Turkey and Saudi Arabia

The one in Turkey. There is a Trump Towers Istanbul.

Donald Trump’s company has been paid up to $10 million by the tower’s developers since 2014 to affix the Trump name atop the luxury complex, whose owner, one of Turkey’s biggest oil and media conglomerates, has become an influential megaphone for the country’s increasingly repressive regime.

That, ethics advisers said, forces the Trump complex into an unprecedented nexus: as both a potential channel for dealmakers seeking to curry favor with the Trump White House and a potential target for attacks or security risks overseas.

The president-elect’s Turkey deal marks a harrowing vulnerability that even Trump has deemed “a little conflict of interest”: a private moneymaker that could open him to foreign influence and tilt his decision-making as America’s executive in chief.

But we should just trust him, right? He’s always shown himself to be an honorable, fair-minded, impartial, idealistic man, right? We’ve always known him to be motivated by the public good rather than his own bank account, right?

No.

But the ethics experts eyeing Trump’s empire are now warning of many others, found among a vast assortment of foreign business interests never before seen in past presidencies.
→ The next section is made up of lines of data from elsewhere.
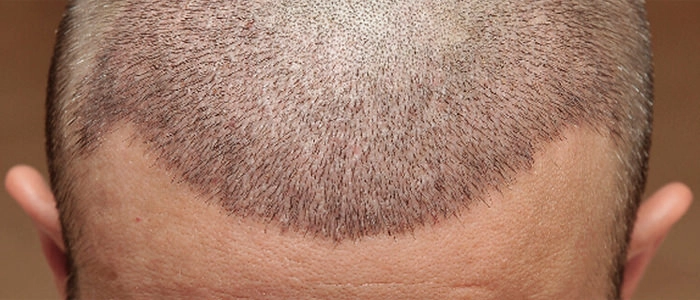 Saç Ekimi Sonrası Bakım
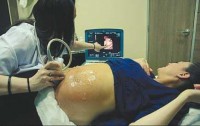 test-prenatal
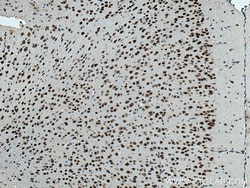 ANP32A Mouse Monoclonal Antibody, Proteintech:Antibodies:Primary Antibodies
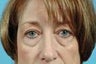Eyelid Surgery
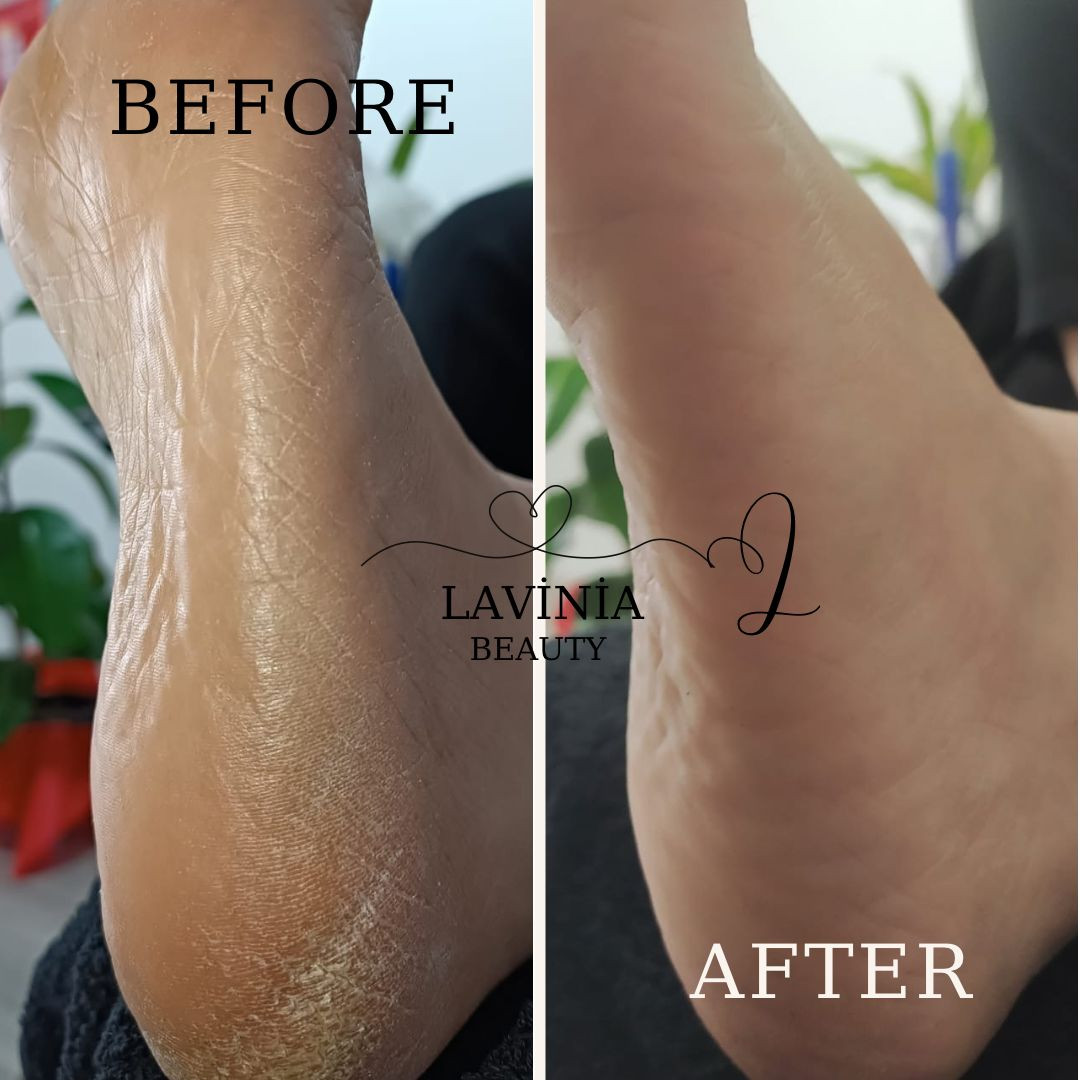 LAVİNİA GÜZELLİK MERKEZİ (Bayanlara özel) – Fotoğraf 8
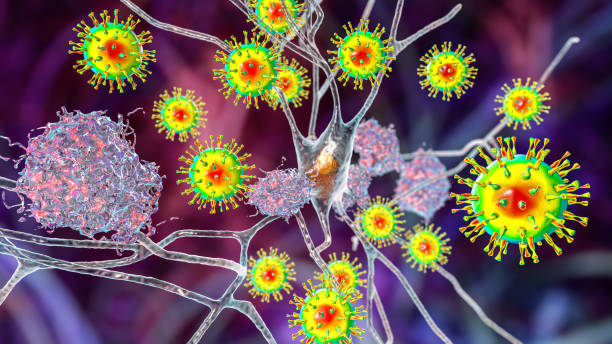 Infectious etiology of dementia. Viruses that affect neurons stock photo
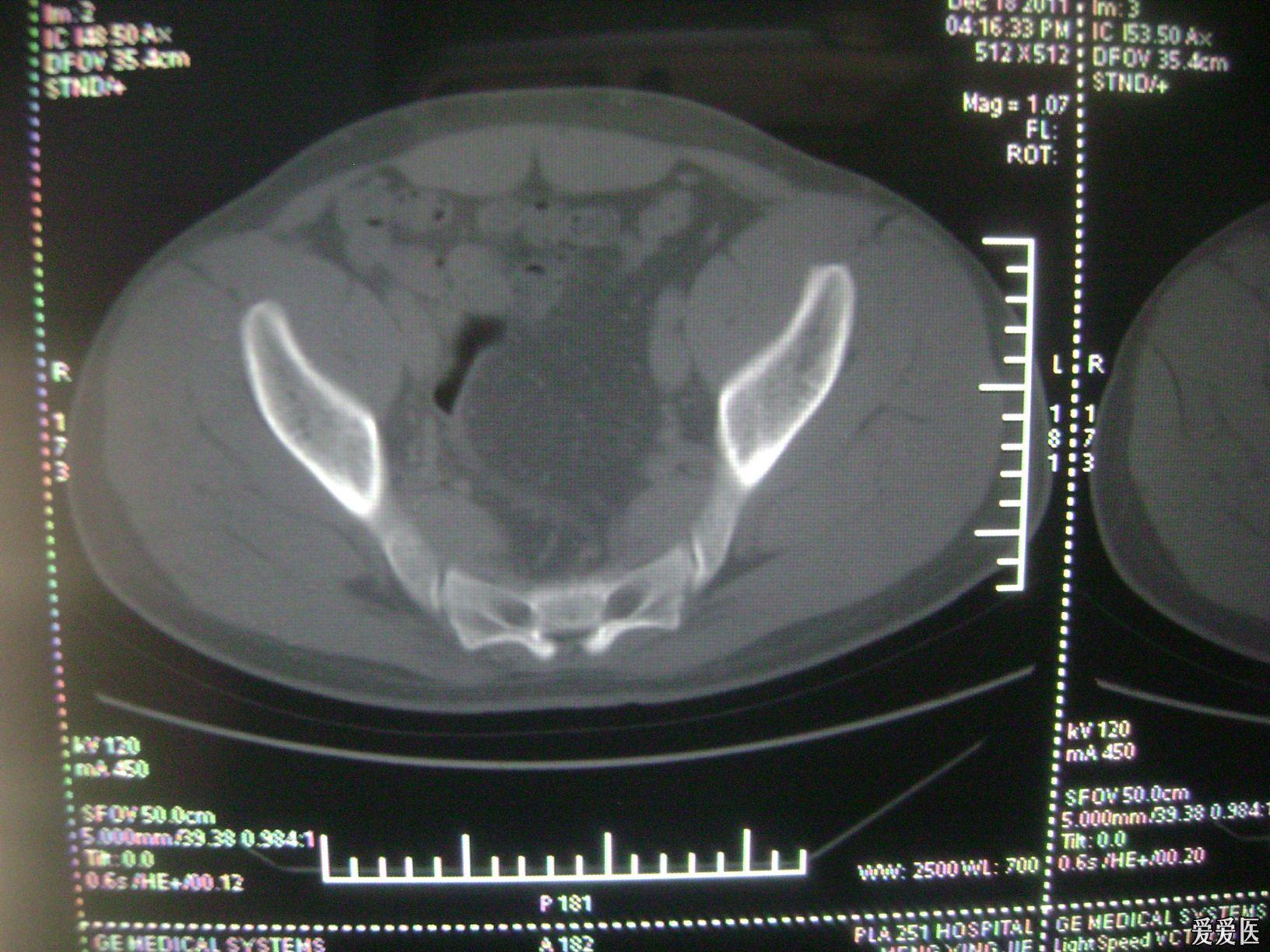 請大家幫忙看一下本人髖關節ct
At least 111 Trump companies have done business in 18 countries and territories across South America, Asia and the Middle East, a Washington Post analysis of Trump financial filings shows.

So, really, from the point of view of conflicts of interest, we could hardly have chosen anyone worse.

Also from the point of view of character and motivation…we could hardly have chosen worse. Trump is driven by greed – for money, for status, for dominance, for power, for sex – and not much else. He’s a giant Appetite, with no apparent altruism or empathy or public interest of any kind.

The business interests range from sprawling, ultraluxury real estate complexes to one-man holding companies and branding deals in Azerbaijan, Indonesia, Panama and other countries, including some where the United States maintains sensitive diplomatic ties.

Some companies reflect long-established deals while others were launched as recently as Trump’s campaign, including eight that appear tied to a potential hotel project in Saudi Arabia, the oil-rich Arab kingdom that Trump has said he “would want to protect.”

I guess we should be thankful that Bangladesh is not oil-rich.

“There are so many diplomatic, political, even national security risks in having the president own a whole bunch of properties all over the world,” said Richard Painter, chief White House ethics lawyer under President George W. Bush.

“If we’ve got to talk to a foreign government about their behavior, or negotiate a treaty, or some country asks us to send our troops in to defend someone else, we’ve got to make a decision. And the question becomes: Are we going in out of our national interest or because there’s a Trump casino around?” Painter added.

Oh well maybe by that time the national interest and the Trump interest will have become one and the same.